Where fine-tuning made the decisive difference is format adherence and analytical discipline — the reasoning block (100% vs 0%) and explicit invalidation (100% vs 92%), plus consistent completeness.

10. Known limitations

Technical-only, data-dependent. Analyzes a provided ~60-day price/RSI/volume snapshot; can't fetch data itself; no fundamentals, news, or macro.
Hallucinates outside its data window. Mitigated by feeding real data + scope restriction, but a known risk requiring enforcement, not trust.
Borderline-RSI sensitivity in the 30–45 and 60–70 zones where the oversold/overbought boundary is fuzziest.
Small training set (205). Limits coverage of unusual regimes, though held-out testing showed good generalization.
Latency. ~33–54 s per query on the M2 Pro; a consumer GPU brings this to single-digit seconds.
Self-reported benchmark, n=25. Grades technical correctness and format discipline, not investment profitability.
Not financial advice. Never validated against actual market outcomes.

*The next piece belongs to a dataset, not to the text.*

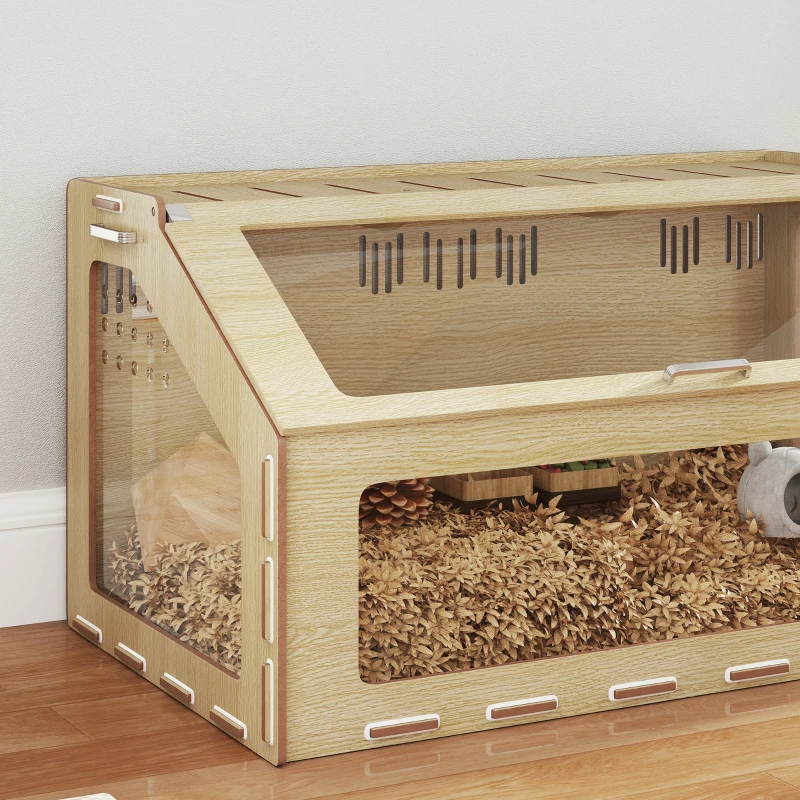 PawHut 39 inch Hamster Cage Habitat with Acrylic Window & Openable Top for Dwarf Hamster, Gerbil, Guinea Pig, Rat, Oak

11. What this demonstrates

End to end, on consumer hardware and ~$3 of GPU time:

Collected and structured ~5 years of NSE OHLCV into MongoDB.
Built a retrieval + technical-indicator layer.
Diagnosed reproducible base-model failure modes.
Generated and validated a small, diverse, gate-checked training set.
Fine-tuned Qwen3-8B with LoRA (eval loss 1.20 → 0.87, no overfitting).
Diagnosed and fixed a non-obvious base-mismatch merge bug — by isolating training from export.
Quantized to q8_0 GGUF and deployed locally via Ollama.
Wired live MongoDB data into inference; identified and began enforcing against hallucination.
Built a stratified, held-out, baseline-compared benchmark — and caught/fixed its own grader bugs before trusting results.

The project's real lessons are the unglamorous ones: fine-tuning was the easy 30%; the model isn't the product; isolate failures before fixing them; and a benchmark is only as trustworthy as its grader.